As one of the most prolific television directors of the 1990s and 2000s, Gary Halvorson worked on several popular sitcoms of the era. Among his more notable credits, Halvorson helmed a staggering 55 episodes of the era-defining hit "Friends" (NBC 1994-2004) and 60 episodes of "Everybody Loves Raymond" (CBS 1996-2005). Never the one to limit himself, Halvorson also sat in the director's chair for the children's movie "The Adventures of Elmo in Grouchland" (1999) as well as the made-for-TV-movies "Peter Pan" (2000) and "Everything But the Girl" (2001).
Although his career in show business would have him ending up behind the camera, Gary Halvorson grew up wanting to be a performer. Music was his initial passion, and Halvorson even trained as a classical pianist at New York's prestigious Juilliard School. By the early 1980s, however, he found himself increasingly drawn to the director's chair, and before long began directing the made-for-TV-movies "Jules Feiffer's Hold Me" (1981), "The Country Girl" (1982), and "Kids Incorporated" (1984). By the latter half of the decade, Halvorson was well into a stable career as a television director.
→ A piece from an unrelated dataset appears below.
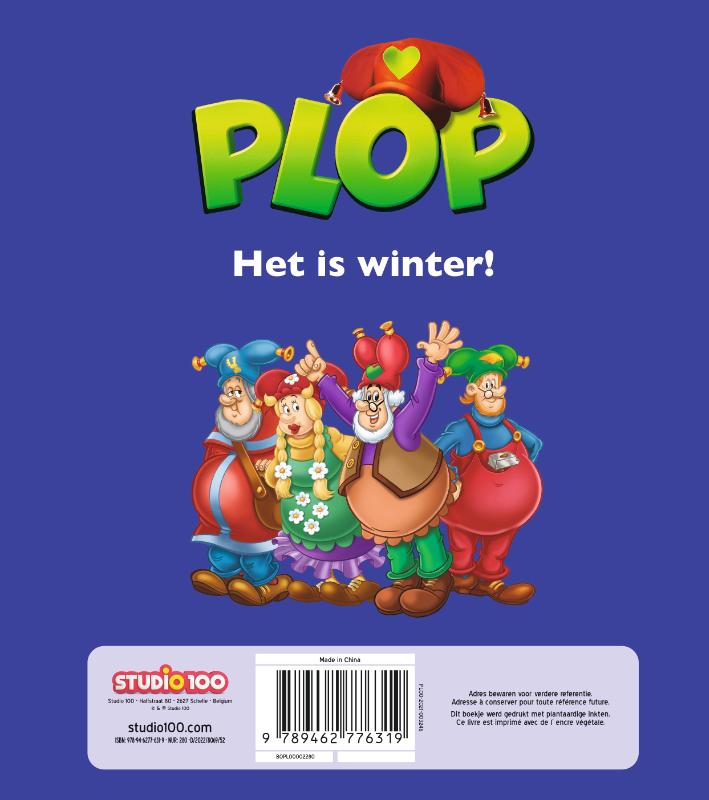 Plop – Het is winter (Hardback)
However, his lifelong love of music always kept him close to it. For this reason Halvorson helmed a number of concert specials throughout his career, including "Diana Ross: Red Hot Rhythm and Blues" (1987) and "The Glenn Miller Band Reunion" (1989), as well several live simulcasts of performances at the New York Metropolitan Opera.
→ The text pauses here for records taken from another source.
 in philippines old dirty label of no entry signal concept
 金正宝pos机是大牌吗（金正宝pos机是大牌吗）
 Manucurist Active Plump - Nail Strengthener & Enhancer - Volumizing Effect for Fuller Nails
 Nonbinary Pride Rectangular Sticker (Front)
By the mid-'90s Halvorson started directing TV sitcoms as well, including several episodes of "Roseanne" (ABC 1988-1997) and "Sabrina, the Teenage Witch" (ABC 1996-2000, The WB, 2000-03), before he was asked to direct an episode of NBC's massively popular New York-centric comedy, "Friends." Halvorson would go on to direct 55 episodes of the show over the next several years, making him one of the most consistent helmers throughout its 10-season run. Sitcoms proved to be a good fit for Halvorson and over the next two decades he directed episodes of some of the TV's most popular comedies, including "Two and a Half Men" (CBS 2003-15), "Everybody Loves Raymond," and "Rules of Engagement" (CBS 2007-2013).